Short text fragments from websites:
= = =

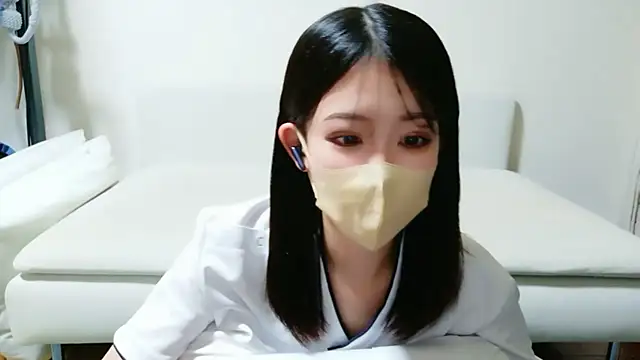 maya chan desu online show from 27, 3, 2026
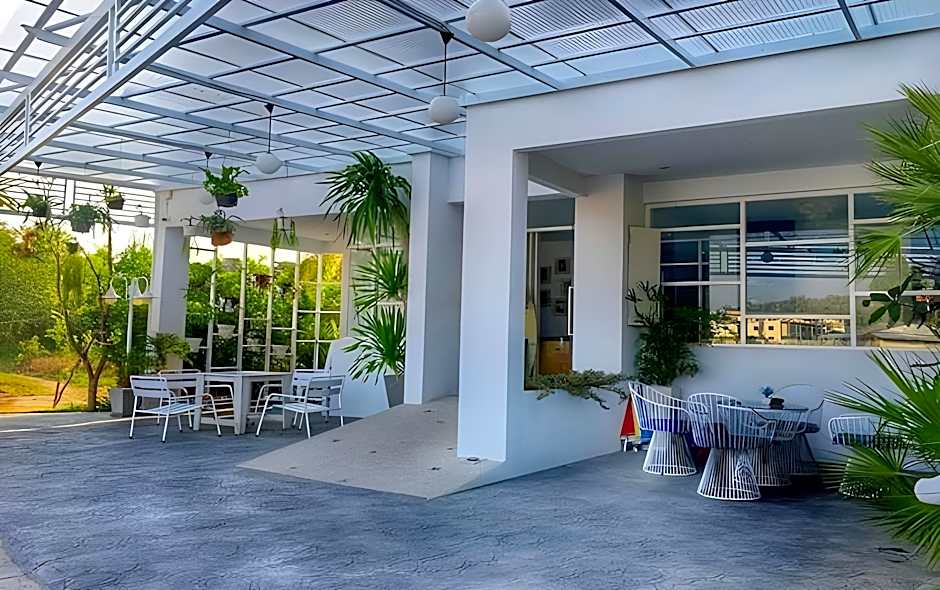 Chill House at Naiyang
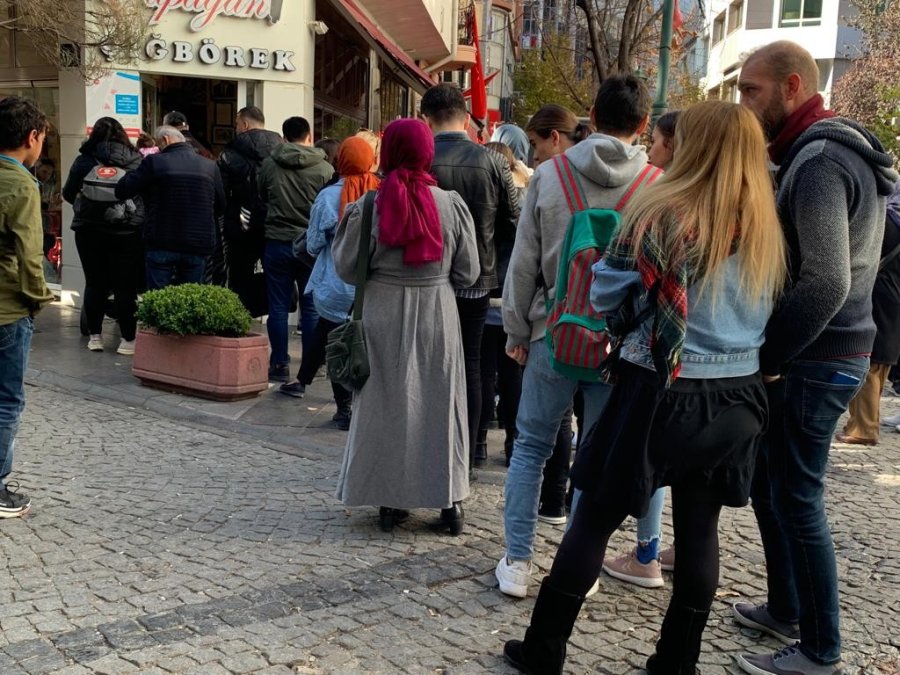 Çibörekçiler Turistlerle Doldu Taştı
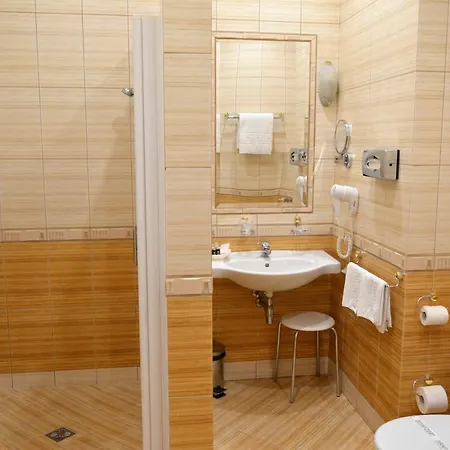 Bristol Georgy House Отель Карловы Вары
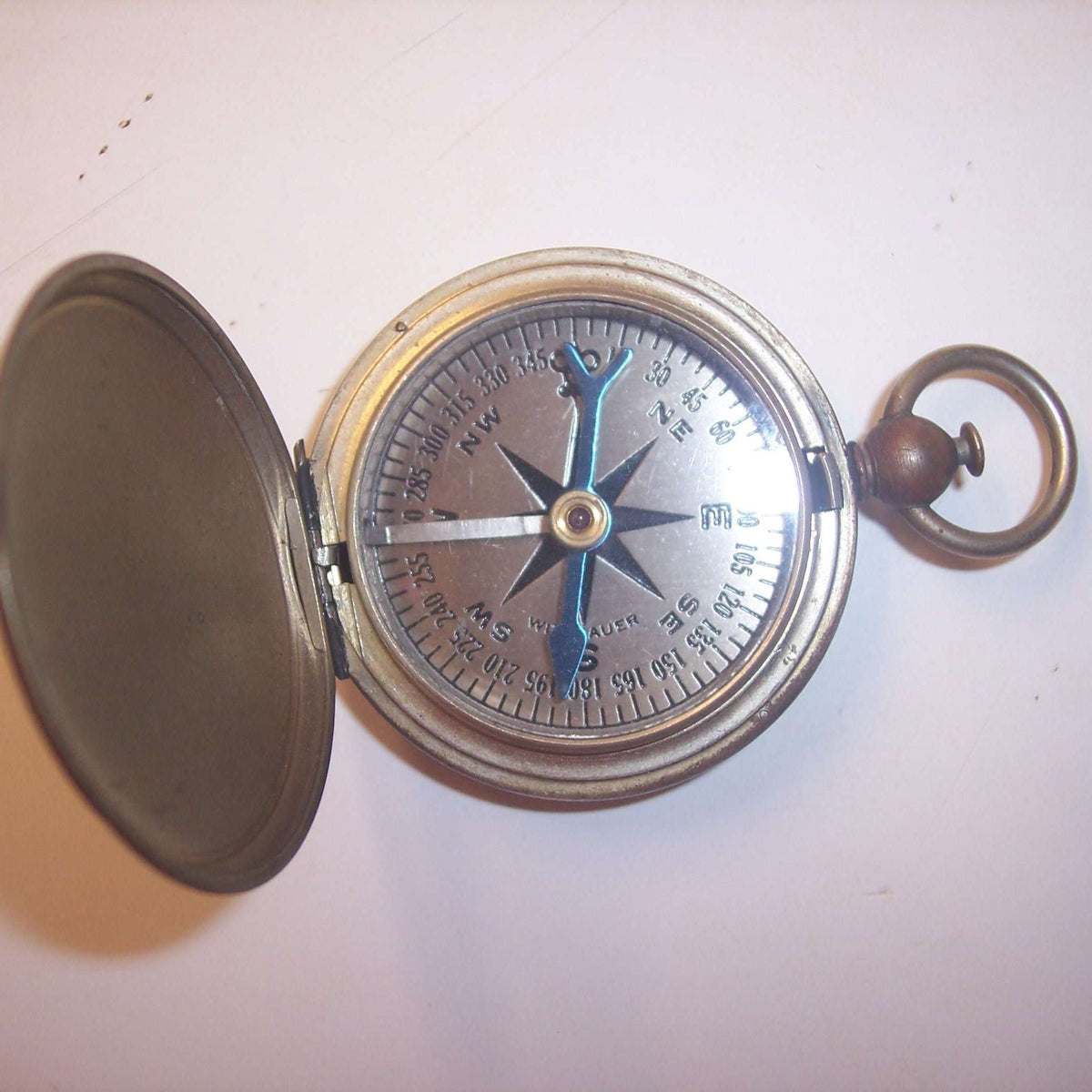 Zero Stock-Vintage WW2 U.S. Wittnauer Military Pocket Compass In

= = =

Repeat the records in full, precisely, and keep the pictures out.

 maya chan desu online show from 27, 3, 2026
 Chill House at Naiyang
 Çibörekçiler Turistlerle Doldu Taştı
 Bristol Georgy House Отель Карловы Вары
 Zero Stock-Vintage WW2 U.S. Wittnauer Military Pocket Compass In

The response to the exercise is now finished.